In January 2018, the Congressional Research Service (CRS) issued a report, “Consumer Credit Reporting, Credit Bureaus, Credit Scoring, and Related Policy Issues”, which explores questions regarding accuracy, how long adverse information should remain on a credit file, medical debt, credit reports and employment decisions, alternative data, and security issues.
On January 24, 2020, CDIA sent a letter of opposition to the House Committee on Financial Services on the Comprehensive CREDIT Act of 2020. A bill that encapsulates six bills that did not have any hearings.
Federal Trade Commission (FTC)
In January 2020, CDIA filed a follow-up comment to the joint Accuracy in Consumer Reporting Workshop held by the FTC and CFPB in December 2019. CDIA served on two of the four panels at that workshop. CDIA filed a comment in advance of that workshop in December 2019. All comments filed in connection with that workshop are available online.

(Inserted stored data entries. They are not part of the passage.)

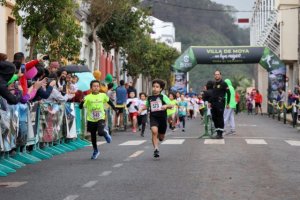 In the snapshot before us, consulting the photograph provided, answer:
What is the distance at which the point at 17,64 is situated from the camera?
51.8ft

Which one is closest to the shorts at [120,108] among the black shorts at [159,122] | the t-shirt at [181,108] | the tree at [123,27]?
the t-shirt at [181,108]

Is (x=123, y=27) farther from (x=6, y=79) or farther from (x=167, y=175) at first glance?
(x=167, y=175)

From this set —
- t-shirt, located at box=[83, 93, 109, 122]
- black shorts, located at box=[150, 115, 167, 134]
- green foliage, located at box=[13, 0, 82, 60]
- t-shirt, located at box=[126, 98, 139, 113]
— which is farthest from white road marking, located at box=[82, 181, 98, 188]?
t-shirt, located at box=[126, 98, 139, 113]

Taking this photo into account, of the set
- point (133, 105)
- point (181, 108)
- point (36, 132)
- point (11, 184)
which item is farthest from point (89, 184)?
point (181, 108)

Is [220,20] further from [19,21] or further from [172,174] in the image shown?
[172,174]

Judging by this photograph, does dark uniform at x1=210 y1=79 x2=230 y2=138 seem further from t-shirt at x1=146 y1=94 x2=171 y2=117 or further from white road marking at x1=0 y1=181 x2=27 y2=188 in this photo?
white road marking at x1=0 y1=181 x2=27 y2=188

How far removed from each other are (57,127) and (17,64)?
15.9 ft

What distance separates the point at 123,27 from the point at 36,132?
29.5m

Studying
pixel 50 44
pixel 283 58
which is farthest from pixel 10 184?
pixel 283 58

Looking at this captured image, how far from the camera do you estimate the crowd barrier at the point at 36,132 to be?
50.5 ft

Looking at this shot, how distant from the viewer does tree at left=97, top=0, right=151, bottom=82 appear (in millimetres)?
46469

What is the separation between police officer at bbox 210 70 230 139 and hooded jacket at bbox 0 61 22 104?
1066cm

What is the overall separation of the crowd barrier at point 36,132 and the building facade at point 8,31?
304 inches

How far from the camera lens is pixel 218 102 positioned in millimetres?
24375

Social Security Administration
In January 2020, CDIA cosigned a letter with several other associations to the SSA to comment on an SSA Draft User Agreement (and related documents, like static website content and electronic signature requirements) for participants in the SSA’s electronic Consent Based Social Security Number Verification (“eCBSV”) Service, issued for notice and comment under the Paperwork Reduction Act. SSA continues to develop the system and implements Section 215 of the Economic Growth, Regulatory Relief, and Consumer Protection Act of 2018. The comments in our letter are grounded in the following: Implementation of the Banking Bill must adhere to the plain text of that statute and the clear intent of Congress. The Banking Bill was not ambiguous in describing the full range and limits of the authority granted to the SSA. That authority comprises: (1) Building eCBSV and ensuring its proper use through audits and monitoring; (2) certifying compliance with the Gramm-Leach-Bliley Act (“GLBA”); (3) enabling consumer consent, including by use of an “electronic signature,” as that term is defined in the Electronic Signatures in Global Electronic Signatures in Global and National Commerce Act (“E-SIGN Act”); and (4) recovering costs.